═══ RECORDS TO USE

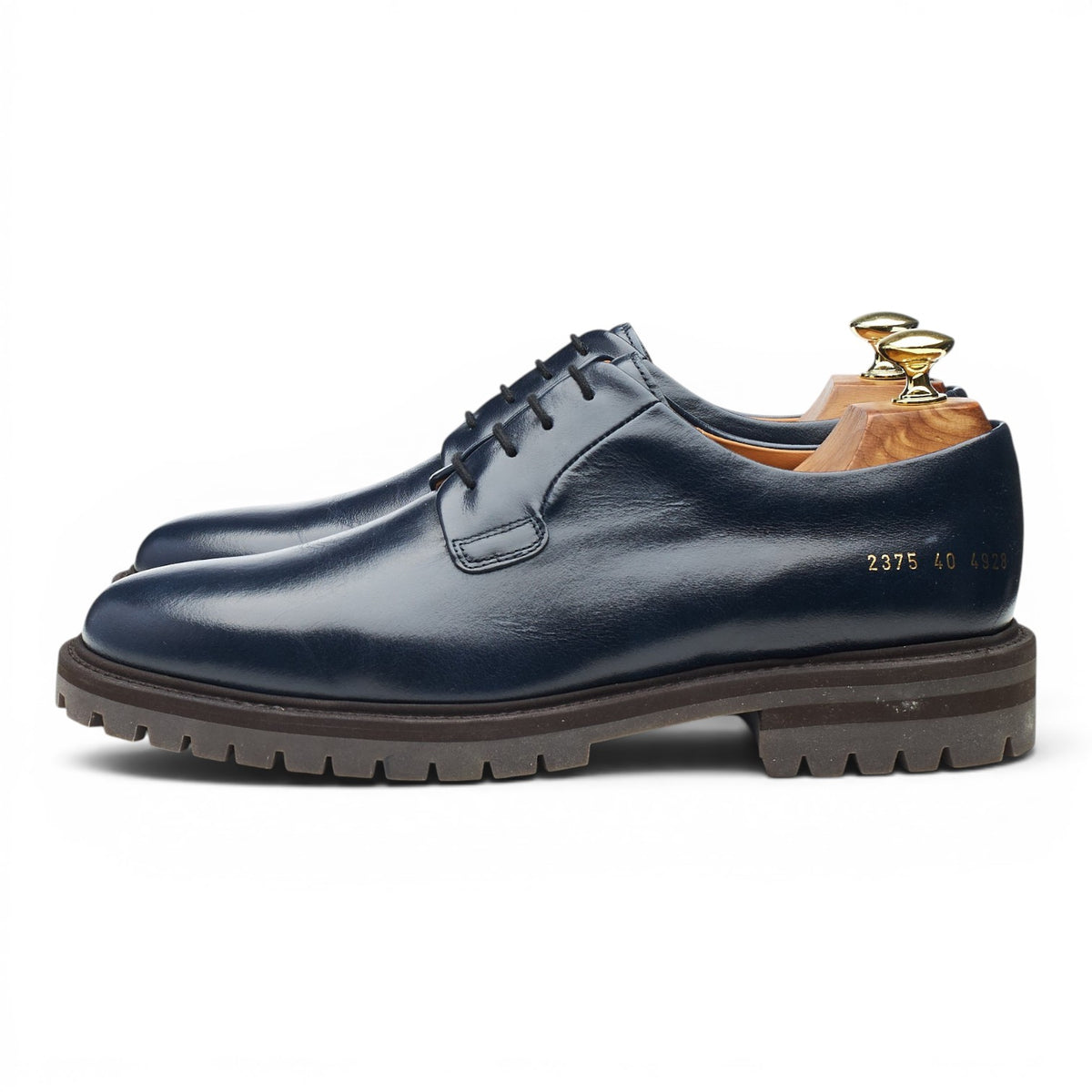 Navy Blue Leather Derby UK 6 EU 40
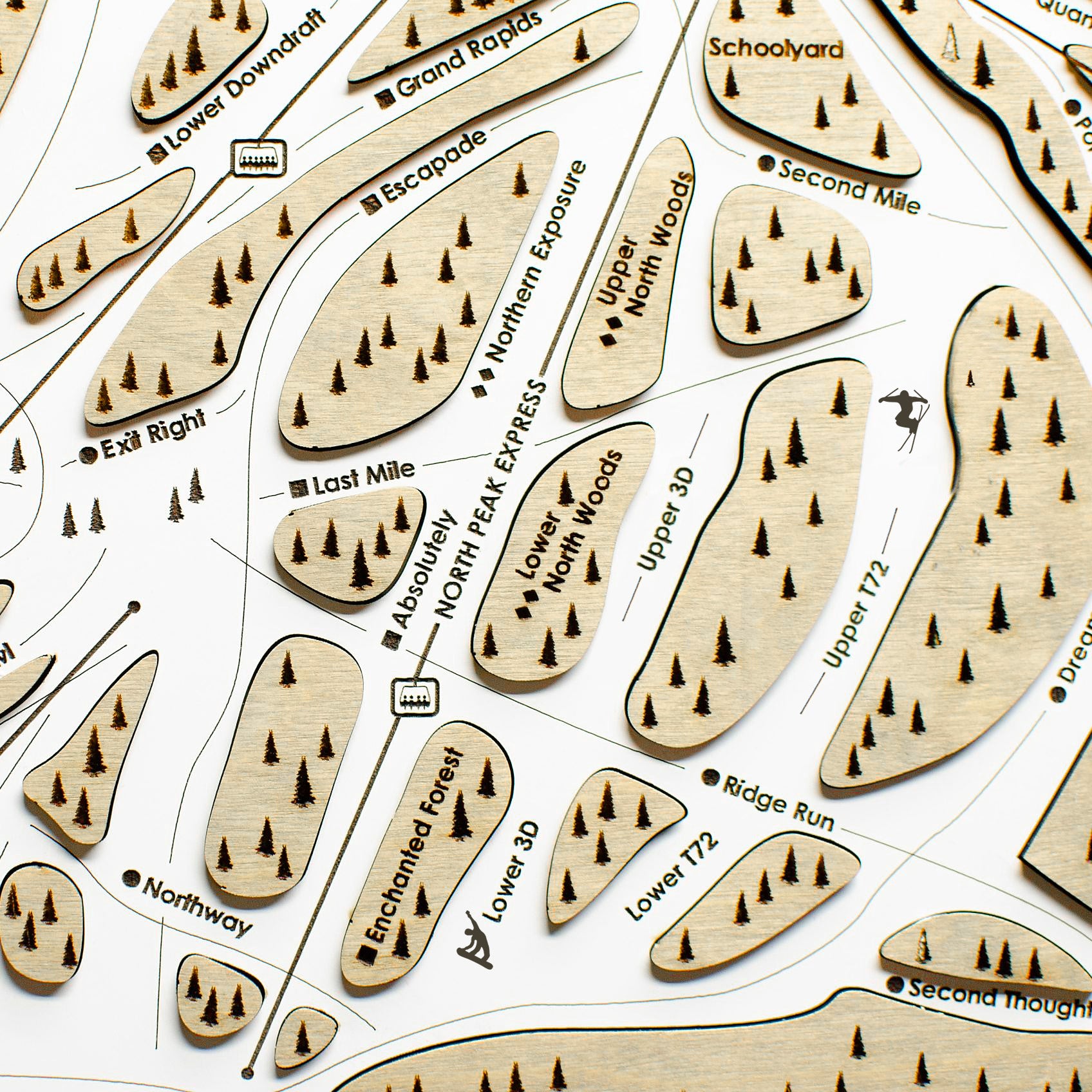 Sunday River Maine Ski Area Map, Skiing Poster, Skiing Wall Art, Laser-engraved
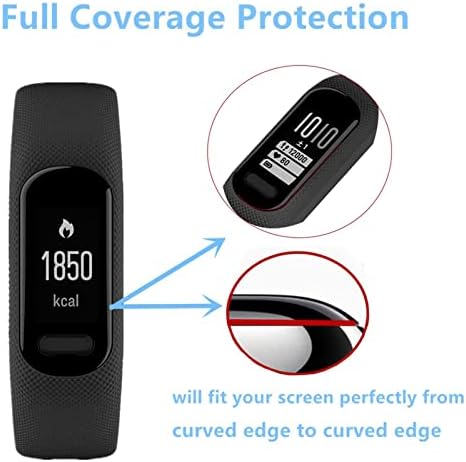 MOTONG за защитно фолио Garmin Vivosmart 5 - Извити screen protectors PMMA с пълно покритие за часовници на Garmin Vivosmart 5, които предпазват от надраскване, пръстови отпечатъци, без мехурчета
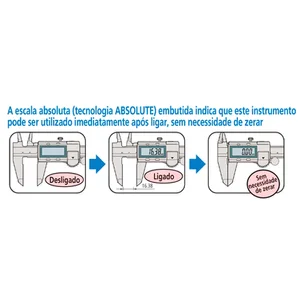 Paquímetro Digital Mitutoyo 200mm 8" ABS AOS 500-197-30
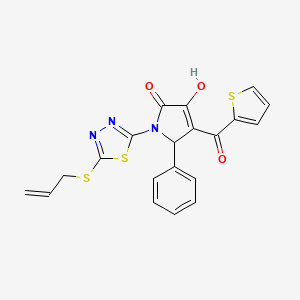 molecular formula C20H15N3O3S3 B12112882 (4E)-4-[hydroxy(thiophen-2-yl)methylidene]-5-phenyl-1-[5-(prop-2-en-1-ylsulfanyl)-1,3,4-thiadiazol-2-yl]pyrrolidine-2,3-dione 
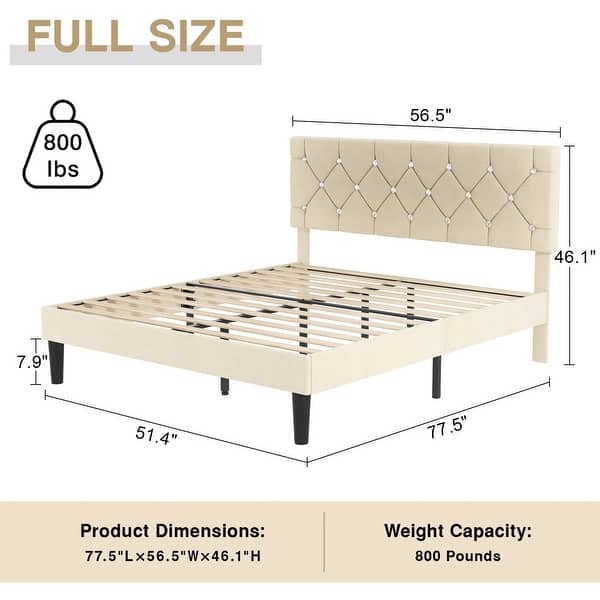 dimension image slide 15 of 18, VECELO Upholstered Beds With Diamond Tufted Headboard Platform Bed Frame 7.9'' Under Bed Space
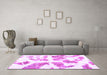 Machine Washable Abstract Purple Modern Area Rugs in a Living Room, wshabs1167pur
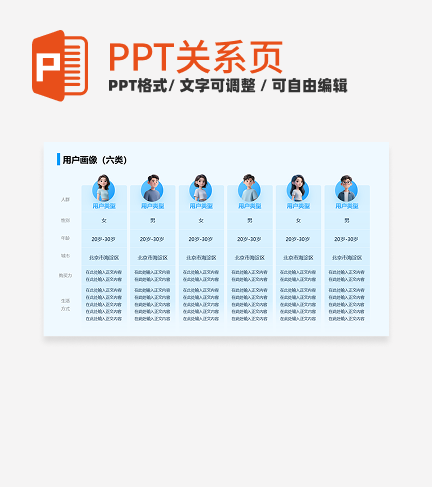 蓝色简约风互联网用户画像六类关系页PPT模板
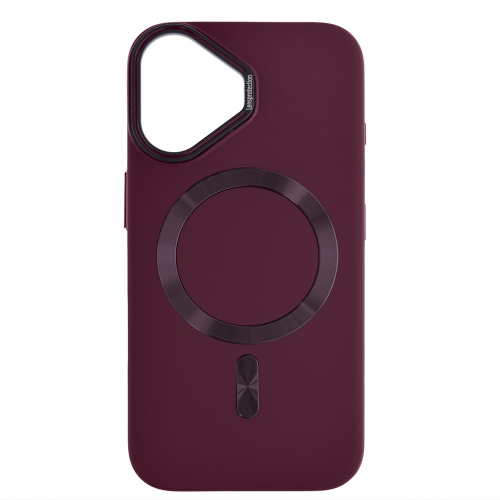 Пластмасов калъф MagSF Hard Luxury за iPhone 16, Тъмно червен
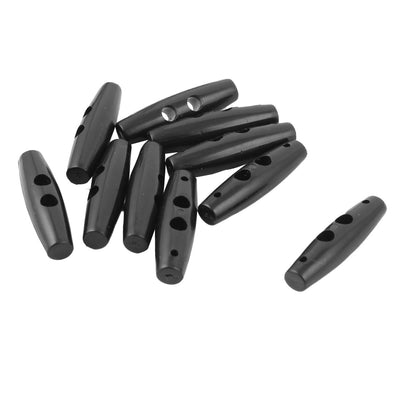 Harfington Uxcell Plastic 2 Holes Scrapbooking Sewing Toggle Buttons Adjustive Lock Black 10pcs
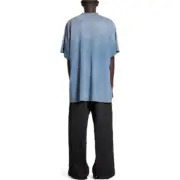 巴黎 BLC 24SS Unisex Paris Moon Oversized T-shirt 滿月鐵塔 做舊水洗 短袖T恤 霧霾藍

══════
═══ RECORDS TO USE

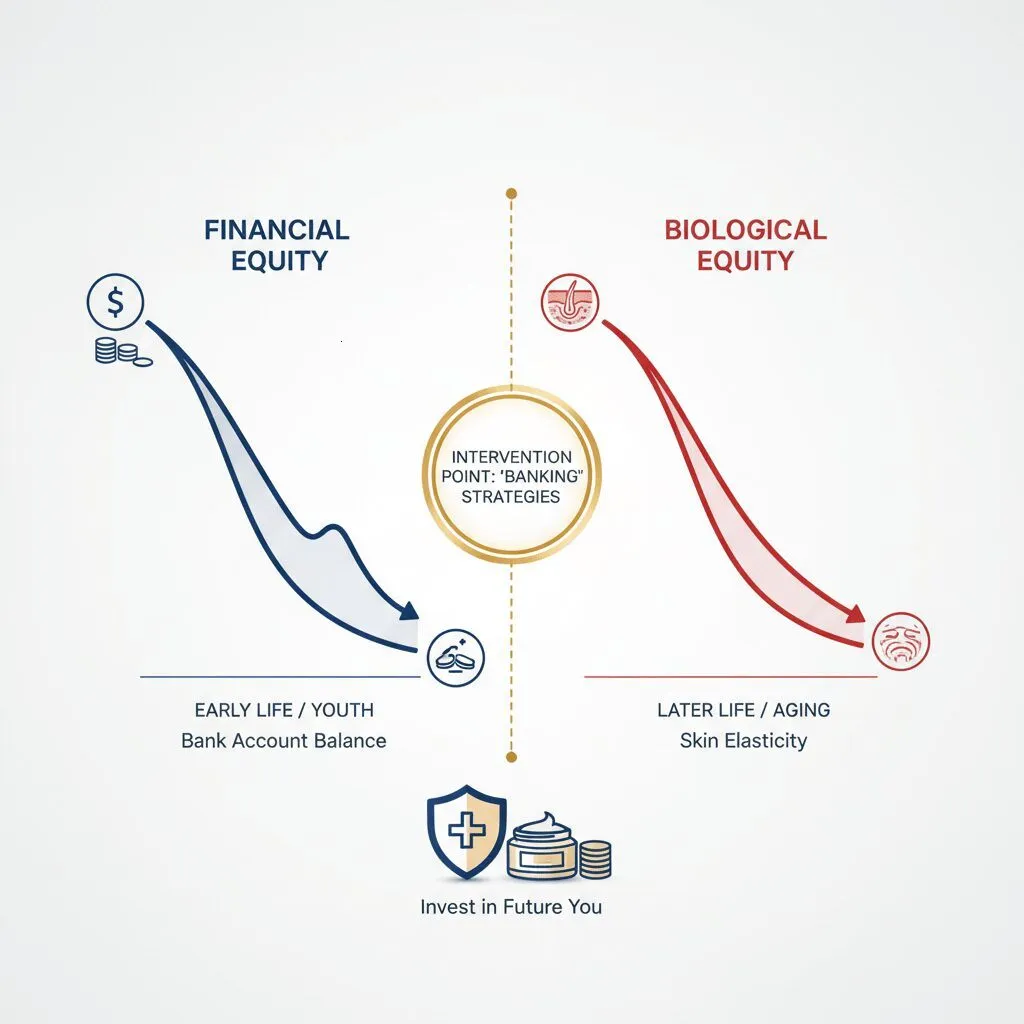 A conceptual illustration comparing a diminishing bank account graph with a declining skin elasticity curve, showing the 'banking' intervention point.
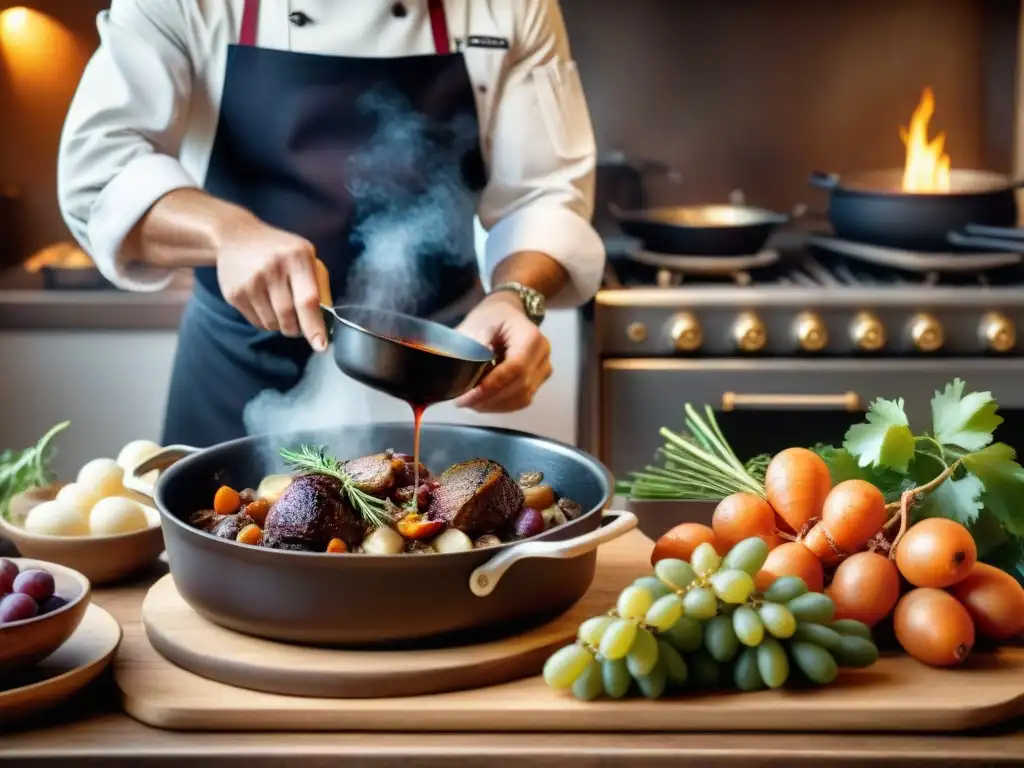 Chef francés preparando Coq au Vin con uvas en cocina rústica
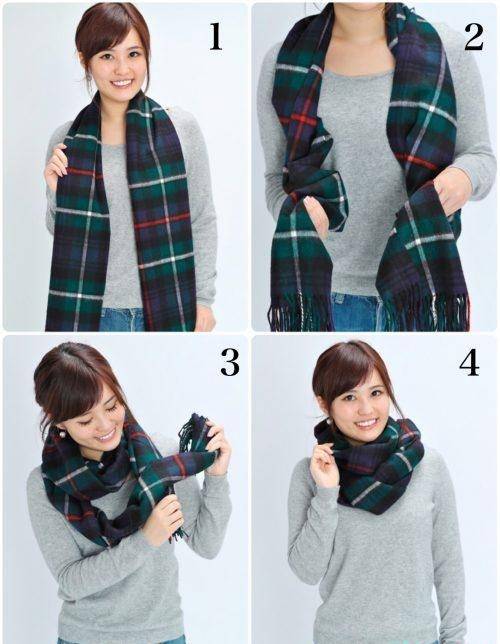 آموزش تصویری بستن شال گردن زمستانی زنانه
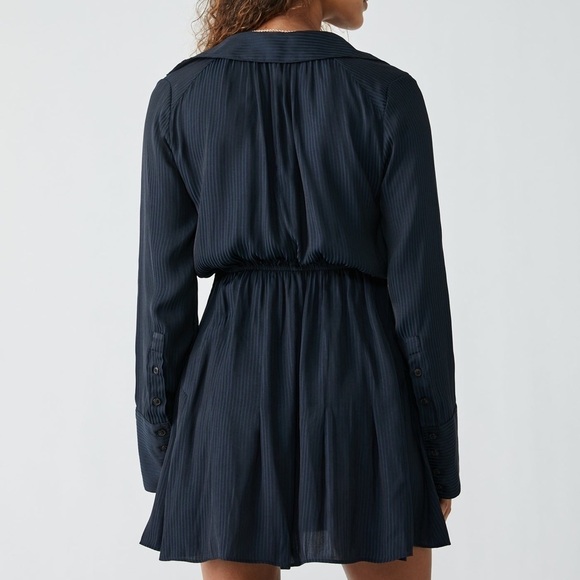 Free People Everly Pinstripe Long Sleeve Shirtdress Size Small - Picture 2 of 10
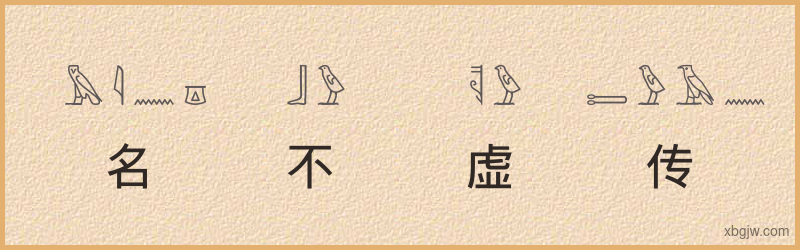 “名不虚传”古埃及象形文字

══════

**PROBLEM DETAILS**
An exact copy is needed of the stretch above that opens with the line containing "Navy Blue Leather Derby UK 6 EU 40" and closes with the line containing "molecular formula C20H15N3O3S3"; the pictures are not part of it.

**SOLUTION TO THE EXERCISE**
 Navy Blue Leather Derby UK 6 EU 40
 Sunday River Maine Ski Area Map, Skiing Poster, Skiing Wall Art, Laser-engraved
 MOTONG за защитно фолио Garmin Vivosmart 5 - Извити screen protectors PMMA с пълно покритие за часовници на Garmin Vivosmart 5, които предпазват от надраскване, пръстови отпечатъци, без мехурчета
 Paquímetro Digital Mitutoyo 200mm 8" ABS AOS 500-197-30
 molecular formula C20H15N3O3S3 B12112882 (4E)-4-[hydroxy(thiophen-2-yl)methylidene]-5-phenyl-1-[5-(prop-2-en-1-ylsulfanyl)-1,3,4-thiadiazol-2-yl]pyrrolidine-2,3-dione 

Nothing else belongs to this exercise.